One problem that I see with lots of real estate blogs is the tendency for the author to want to write about one of two things:
- The state of the industry,
- The latest shiny object in social media.
Now, not that there’s anything wrong with writing about the industry – it is a real estate blog after all. But ready-to-buy homebuyer’s aren’t interested in what’s happening nation-wide. They’re interested in what’s happening locally.
Before we get into an argument of whether that’s write or wrong, let me phrase it a different way and give you something to consider… Are you reporting the news? Or writing a real estate blog to generate leads?
You have to win the local game first before anything else. That means establishing yourself as the go-to resource for everything local about the community, average sale prices, financing options and more.
As for social media, if you’re interested in covering the latest trends, start a social media blog.
I’m not saying that you can’t (or shouldn’t) write about your industry. What I’m saying is that when you’re starting a brand new blog, and it’s purpose is to serve as a referral engine, you need to invest in writing for your customers first.
Why You Need To Write for Your Customers First
Before you start your real estate blog, you need to think about who exactly you’re trying to reach.
Is it buyers? Sellers? Investors? Or all of the above?
Paint a picture of who your ideal client is. Marketer David Meerman Scott calls this the process of creating a buyers persona. The idea behind creating a buyer persona is to develop a deeper understanding of the needs and wants of a specific demographic. Once you understand those needs and wants, you stand a much better chance of communicating and persuading them with your copywriting.

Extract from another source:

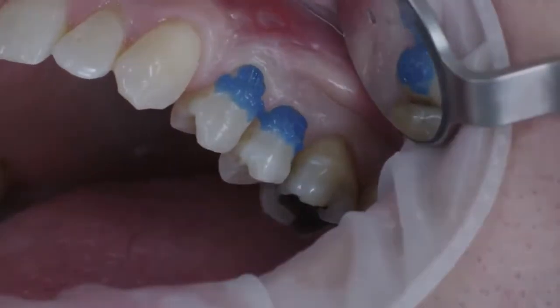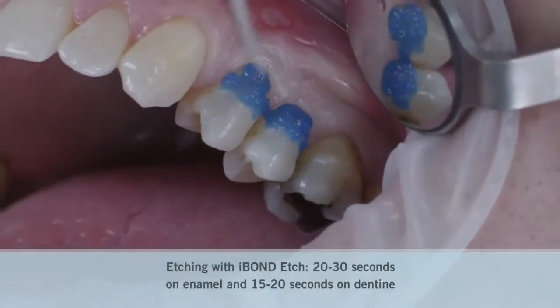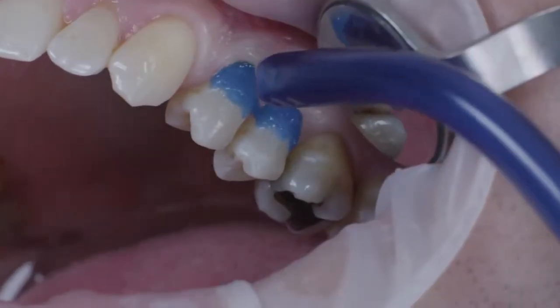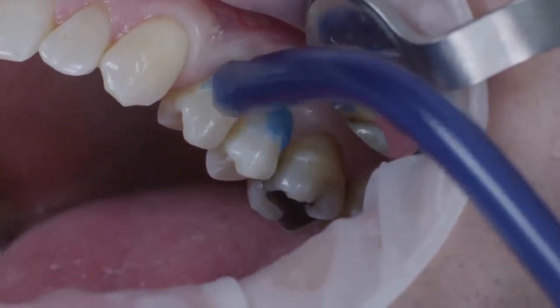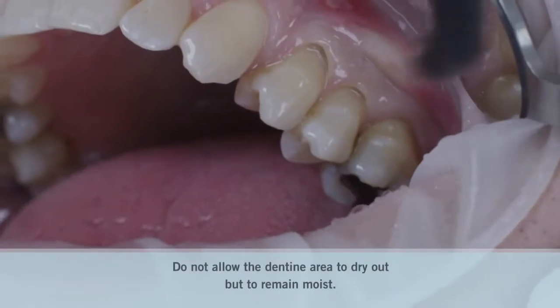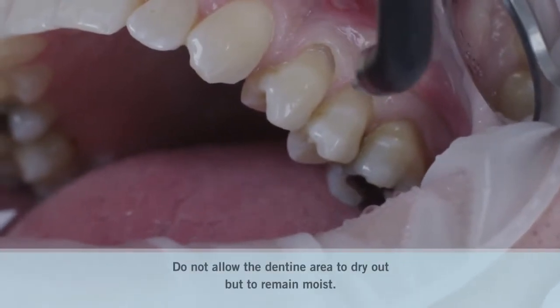I-bond etch was then applied to the tooth surface, beginning on the enamel and continuing towards the dentine. After the corresponding application time, the tooth was rinsed off thoroughly and then dried so that some residual moisture was retained on the surface.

What kind of questions are first-time home buyers asking that you can provide answers to?
- How do I find out how much I qualify for?
- What are the best areas to live in [insert your area here]?
- How to use gift money as a form of down-payment.
…and, what else?
What kind of questions are sellers asking that you can provide answers to?
- What’s the average days on market for homes in my price range?
- How can staging a home for sale benefit me towards the sale of my home?
- How should I prep my home for sale?
…and, what else?
Your Content Is Going To Attract a Certain Type of Client
If you write for buyers, you’re going to attract buyers. If you write for sellers, you’re going to attract sellers. If your writing is off-topic and not very well targeted, you might get a few page views here and there but you won’t derive the high quality traffic that you really want – in other words, people who are genuinely interested in hearing what you have to offer.
Site down and write out your buyer persona. Make a list of all of the attributes that your ideal client possesses.
- Certain age range,
- Newly married,
- Family or single,
Then, make a list of all of the questions that they’re asking and that you can provide the answers to. Again, make a simple check-list of all of the questions they’re asking about buying/selling a home.
Once you’re done, you have a list of blog topics to start writing about on your real estate blog. This should be the foundation for the rest of your content moving forward.